As counsel for the Company, I have examined and am familiar with originals or copies, certified or otherwise, identified to my satisfaction, of such statutes, documents, corporate records, certificates of public officials and other instruments as I have deemed necessary for the purpose of this opinion, including the Amended Articles of Incorporation, Regulations and By Laws of the Company and the records of the proceedings of the shareholders and directors of the Company.
This opinion is limited to the Federal laws of the United States and the laws of the State of Ohio and, to the extent set forth in the following sentence, the laws of the State of New York, each as currently in effect, and I am expressing no opinion as to the effect of the laws of any other jurisdiction. Insofar as the opinions set forth herein are governed by the laws of the State of New York, I have relied as to all matters governed by such law upon the opinion dated the date hereof of Fried, Frank, Harris, Shriver & Jacobson LLP, One New York Plaza, New York, New York 10004, addressed to the Company and filed as an Exhibit to a Current Report on Form 8-K of the Company to be filed with the Commission, which will be incorporated by reference in the Registration Statement. To the extent the opinion of Fried, Frank, Harris, Shriver & Jacobson LLP contains conditions and limitations, I incorporate such conditions and limitations herein. Also, insofar as my opinion involves factual matters, I have relied, to the extent I deem proper, upon certificates of officers of the Company and certificates of public officials.
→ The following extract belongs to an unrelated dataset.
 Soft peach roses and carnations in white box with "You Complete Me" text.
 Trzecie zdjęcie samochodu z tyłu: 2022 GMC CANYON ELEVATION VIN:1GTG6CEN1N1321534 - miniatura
Upon the basis of the foregoing, I am of the opinion that:
(a) The Company has been duly incorporated and is validly existing and in good standing as a corporation under the laws of Ohio; and
(b) The Debt Securities have been duly authorized and the global securities representing the Debt Securities have been duly executed, authenticated, issued and delivered, and assuming receipt by the Company of payment of the issue price of the Debt Securities, will be legally issued and will constitute valid and binding obligations of the Company in accordance with their terms, subject as to enforcement, to bankruptcy, insolvency, reorganization, and other laws of general applicability relating to or affecting creditors’ rights and to general equity principles.
I hereby consent to the filing of this opinion as an Exhibit to a Current Report on Form 8-K of the Company to be filed with the Commission, which will be incorporated by reference in the Registration Statement, and to the reference to my name in the prospectus contained in the Registration Statement. In giving this consent, I do not hereby admit that I am in the category of persons whose consent is required under Section 7 of the Securities Act of 1933, as amended.